I am trying to understand and compare the DESeq2 model and the BNB-R (https://github.com/siamakz/BNBR) model. The corresponding references are:

• DESeq2: Love, M. I., Huber, W., & Anders, S. (2014). Moderated estimation of fold change and dispersion for RNA-seq data with DESeq2. Genome Biology, 15(12), 550. https://doi.org/10.1186/s13059-014-0550-8
• BNB-R: Dadaneh, S. Z., Zhou, M., & Qian, X. (2018). Bayesian negative binomial regression for differential expression with confounding factors. Bioinformatics, 34(19), 3349–3356. https://doi.org/10.1093/bioinformatics/bty330

My understanding of the BNB-R model is that it regards the sample-specific size factor r_j of the negative binomial distribution as a parameter that has to be estimated through Bayesian inference (i.e. sampling from its posterior). In DESeq2, there is a pre-estimated sample-specific size factor s_j included in the mean, but there is also the dispersion parameter alpha_i. Therefore, am I right that DESeq2 imposes additional overdispersion (having the pre-estimated size factors s_j as well as alpha_i)?

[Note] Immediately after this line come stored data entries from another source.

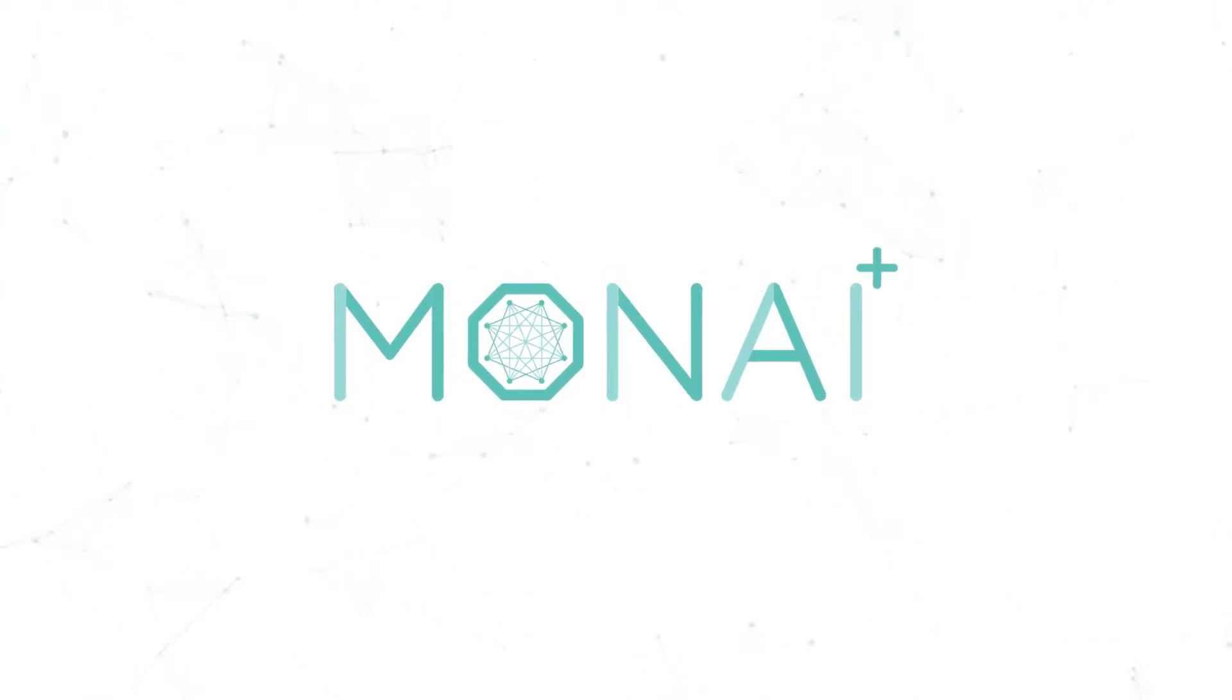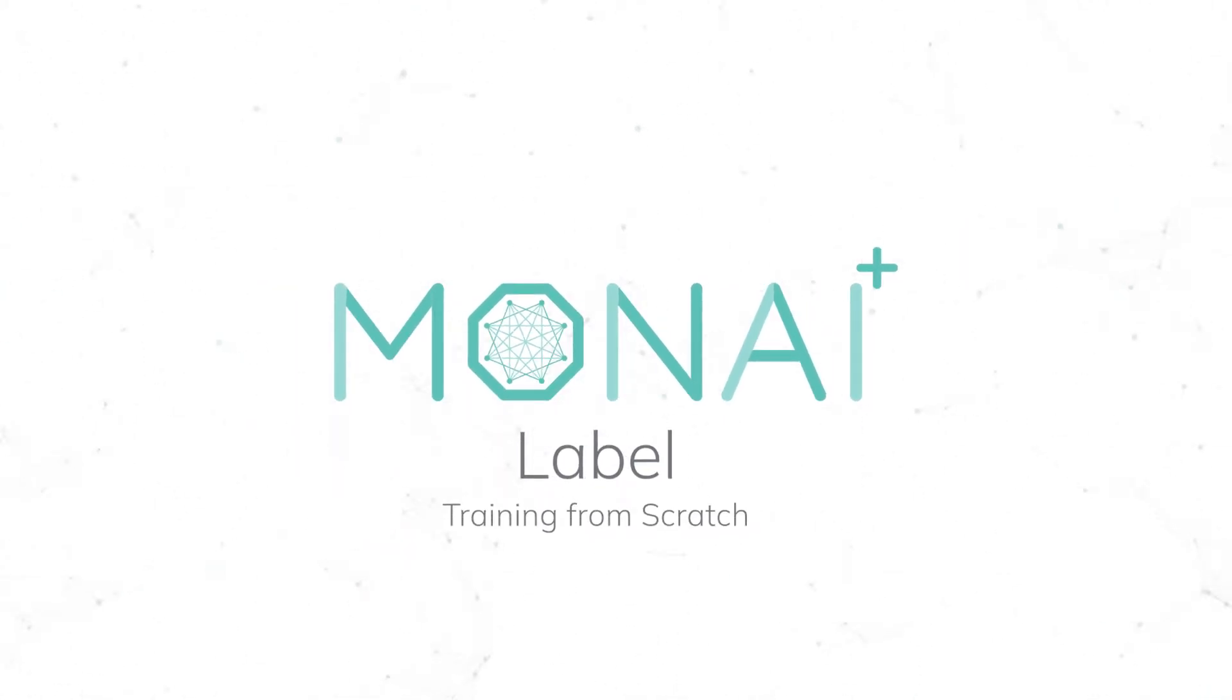Hi everybody, in this video we're going to be selecting a custom data set and training a model from scratch using Monoilabel. Let's get started.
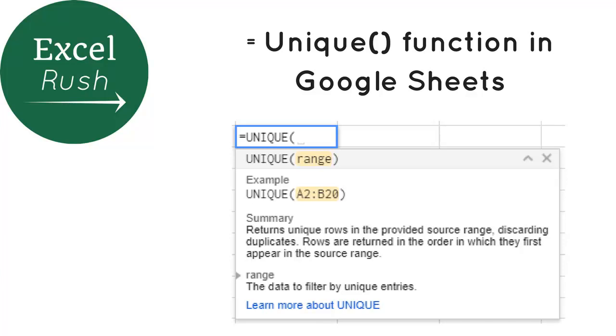Hi, welcome to ExcelRush.com. Today we are going to learn a function called UNIQUE in Google Sheets. This is a function which is not available in Excel as yet, but its use is brilliant.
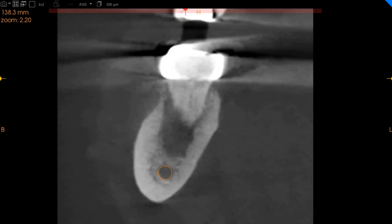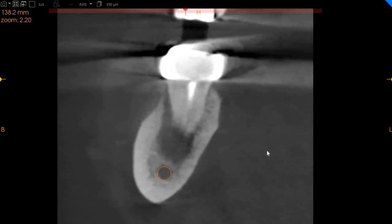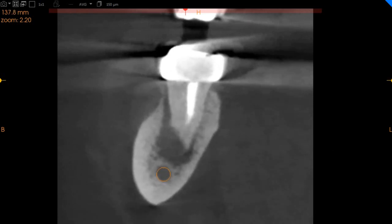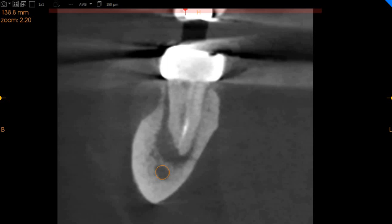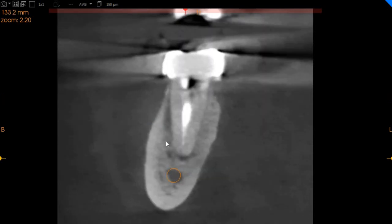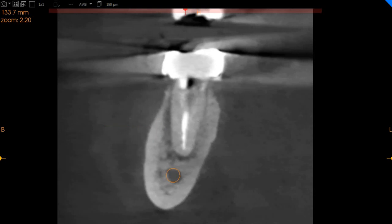When we move to the lower left 7, the mesial root of the lower left 7 has a missed canal, which can be seen here. This is the distal aspect where we can see the radiolucency and the PDL widening.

I don't follow what you mean by additional overdispersion. The library size factor is fixed across genes but unknown. We estimate it, and then treat it as fixed. I do think that it's a good idea to build in more conservative behavior by acknowledging that the size factor is not known. When I give talks about effect sizes, I mention that one way to do this post-hoc is to use a lfcThreshold, which avoids reporting genes which have effect sizes close to 0. If we estimate the size factors wrong, the genes with effect size close to 0 will be the first to be wrong, while the ones farthest from 0 are the safest.